As mentioned before, Zimmer makes use of the Shepard tone, a musical illusion that sounds like it’s constantly rising in tension. For a film based in suspense, tension and terror, such an illusion has immense effect, the pieces often becoming so filled with energy that’s then released in climactic fashion during the attack sequences.
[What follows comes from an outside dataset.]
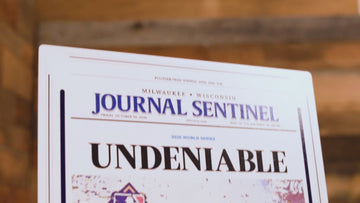 Journal Sentinel Brewers 2026 WORLD SERIES CHAMPIONS Front Page - OCT 30, 2026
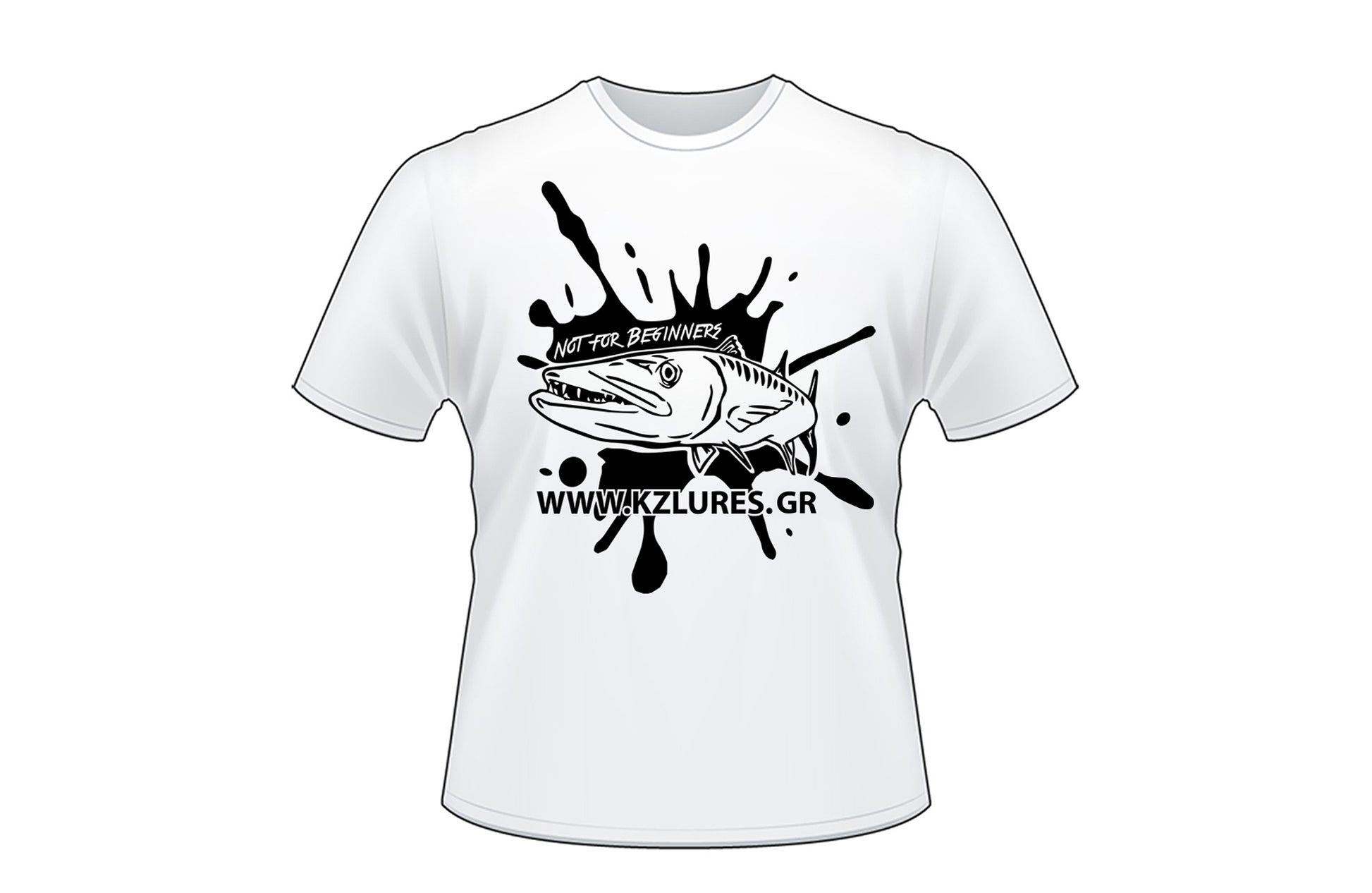 KZ Lures Short Sleeve T-shirt Fishing Apparel - Front View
But even despite the fact that Zimmer strays from typical musicality, he still manages to compose some career best work. In particular, The Oil represents everything utterly magnificent about Zimmer. Like pieces from Interstellar and The Dark KnightThe Oil starts incredibly low in volume and thin in layers. Playing at the climax of the film itself, The Oil builds in layers and volume consistently for six straight minutes, adding literal rise to the illusion of rising, before exploding into its own climax just as the film does. With this, the piece then becomes a serious, overbearing manipulation of the mind and the body, which initially sounds unpleasant, but, when watching the film’s climax, grabs hold of the eyes in ways that the climax couldn’t without the piece and in ways that cinema strives for.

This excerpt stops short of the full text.